Tuesday, July 13, 2010

Neil Young's Greendale by Joshua Dysart and Cliff Chiang


Neil Young's Greendale by Joshua Dysart and Cliff Chiang is a graphic novel inspired by a cd (which now comes with a bonus dvd) by the same name.  To be honest, I am not a Neil Young fan, which is important for me to say because I had no contextual awareness, no clue as to what inspired this graphic novel.

With that in mind, I loved this story of a young girl's coming of age and coming into her own awareness of how each of us can and should make a difference.  It should come as no surprise to anyone who is familiar with Neil Young to know that this novel is politically charged and if your leanings are not liberal then you will probably find the story distasteful.

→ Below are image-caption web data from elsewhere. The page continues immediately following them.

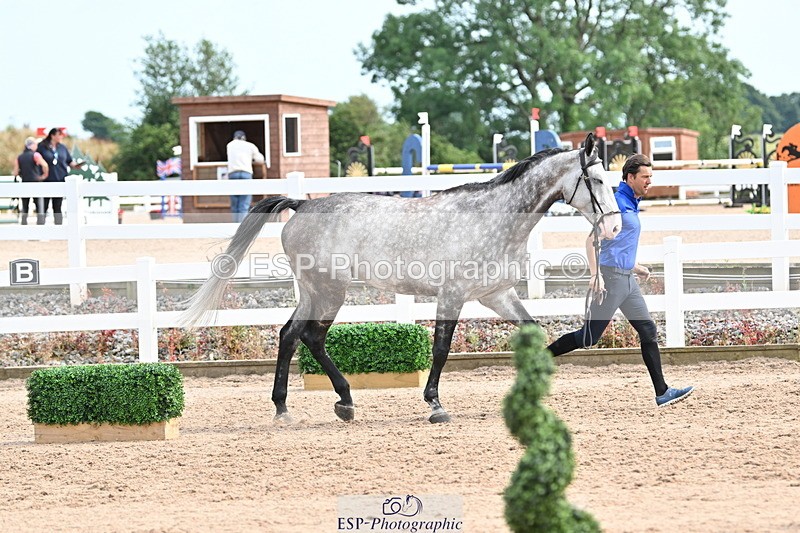 240717A-164235-03486 - Trot Up 4pm to 5pm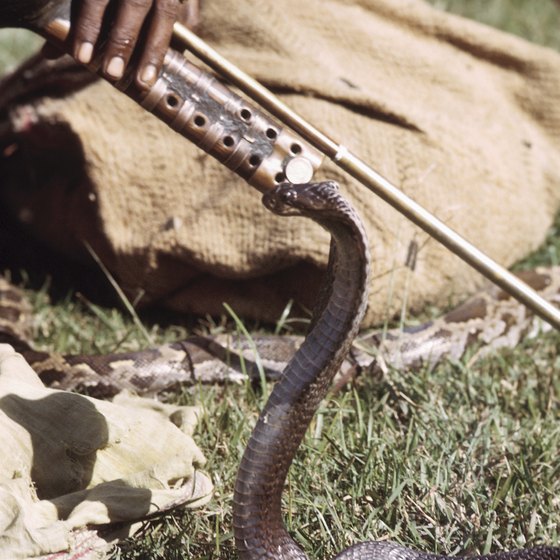 Festival of snakes in italy usa today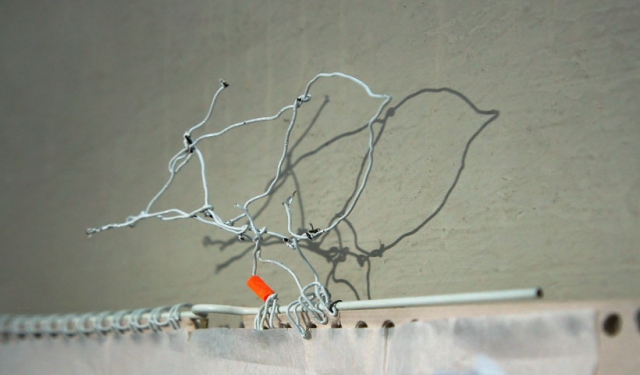 silent-spring-01.jpg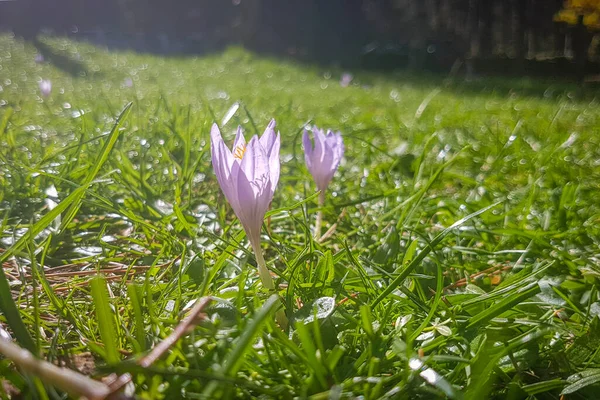 Hübsche Lila Blume Die Sich Vom Grün Des Feldes Abhebt — Stockfoto
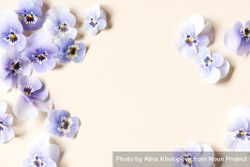 Purple viola flowers on a neutral background with copy space 0vd3d4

This is unfortunate because Dysart creates a fable, using a story-telling tone that is precise and thematically perfect.  Through the narrator's voice we learn about the Green family, particularly about Sun who is burgeoning on womanhood and a very rich sense of self-awareness.  Most surprising is that the author allows the secondary characters to also have their own stories, something one doesn't often find in graphic novels.

And Chiang is an ideal choice to put words into imagery because each page exudes with emotion and further defines the meaning of the text.  The edition I read, an advanced reader's copy, arrived in black and white so I can only imagine how luscious this book will seem fully colored.  Even without the promise of a full spectrum, the visuals are wonderful and there are many panels and even a few pages where there are no words necessary to show the reader what is happening.

Approached as a mythology, it is especially powerful, a story that is meant to say more about society than it does about the characters moving across the pages.  Wonderful.  Fulfilling.  A pleasure.  A treasure.  Just wow.